As I finished, I saw a flicker of panic in Yue Leiting’s eyes, quickly replaced by a disdainful sneer.

“Kid, you’re just a baby, playing at spirits and ghosts. The almanac said today was a good day—that’s why I picked it for my birthday feast. Plenty of weddings, too—black wedding cars everywhere, all decorated with flowers for luck. You call it the King of Hell’s carriage, but nobody’s died riding in one yet.”

I pointed to the car. “What kind of flowers are used on those cars, and what’s tied to yours?”

“It’s our boss’s birthday; we bought a new car and thought roses and pine leaves would be auspicious—roses for celebration, pine for longevity,” a black-suited man said stoutly.

I picked up the smashed bouquet, smiled faintly, and handed it to Yue Leiting. “Take a closer look. Is this really a rose?”

Yue Leiting examined it uncertainly. “If it’s not a rose, what is it?”

I turned the blood-red flower in my hand calmly. “This is a razor flower, also known as the ‘Death Flower.’”

Yue Leiting’s brows creased as he stammered, “Bi… bi an…”

I nodded. “Yes, it’s the legendary flower that grows on the Yellow Springs—the ghostly flower of the underworld. Someone put these on your car’s mirrors, and your car faces west—to send you to your grave. Whoever did this must hate you deeply; even this wasn’t enough, so they added death flowers to lure your soul away.”

I tossed the flower aside and shook the remaining “pine leaves.” “These aren’t pine at all, but locust leaves. Under locust trees, ghosts gather. Whoever wants you dead has gone to great lengths.”

The black-suited man who’d spoken earlier nearly collapsed in terror. Clearly, he had bought the flowers, but had no idea what they really were.

“Boss, I really did buy roses and pine leaves. I don’t know how these got there, I swear!”

I believed him. Arranging a ‘King of Hell’s Bridegroom’ setup, and calculating Yue Leiting’s fate, would require an adept in geomancy and destiny—not a simple thug.

“You said whoever rides this car at noon today will die?” Yue Leiting asked with a cold smile.

I shook my head. “The feng shui has been broken, but your blood is still needed. If you drip blood atop the car, the calamity will be fully dispelled. But now that the time has passed, sitting in the car at noon won’t kill you, but blood will surely be shed.”

Yue Leiting nodded, then turned to the man who bought the flowers. He smiled coldly. “You’re driving my car to the hotel today.”

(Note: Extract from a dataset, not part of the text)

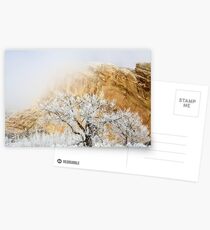Magic Frost Postcards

“Boss, it really wasn’t me!” The man’s legs trembled.

“Whether it was you or not doesn’t matter. If it wasn’t, then you have nothing to fear. If it was, you won’t leave alive.” Yue Leiting patted his shoulder with a chilling smile.

The man, with no choice, drove away in the battered Santana. As he left, I heard Yue Leiting instruct his men, “Follow him. If he dares get out before noon, end him on the spot.”

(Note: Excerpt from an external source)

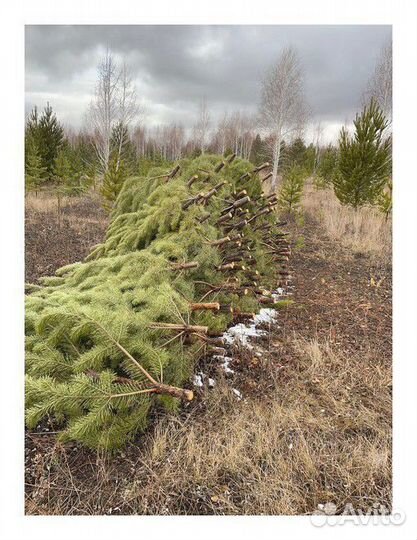 Сосна сентябрьская пушистая опт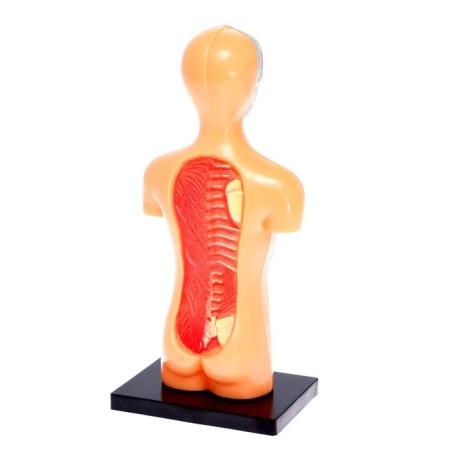 Set for experiments "human anatomy"-3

“My brother saved your life. Everything’s been explained—someone wants you dead. Let us go,” Xiao Lianshan protested, staring Yue Leiting down.

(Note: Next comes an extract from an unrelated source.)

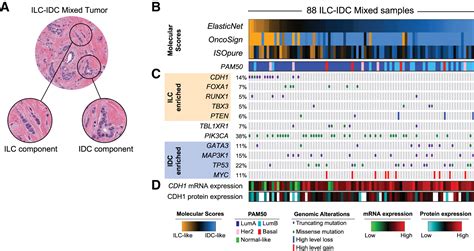 Comprehensive Molecular Portraits Of Invasive Lobular Breast Cancer Cell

At that moment, I understood why Liu Hao feared Yue Leiting so much. He was a man who’d rather kill three thousand innocents than let a single enemy escape. There was no way he’d let Xiao Lianshan and me go on the strength of a few words. I turned to Xiao Lianshan and said quietly, “Save your strength. He won’t let us go now. If nothing happens to the driver after noon, we’ll be released. If not, we’ll be the ones who pay the price.”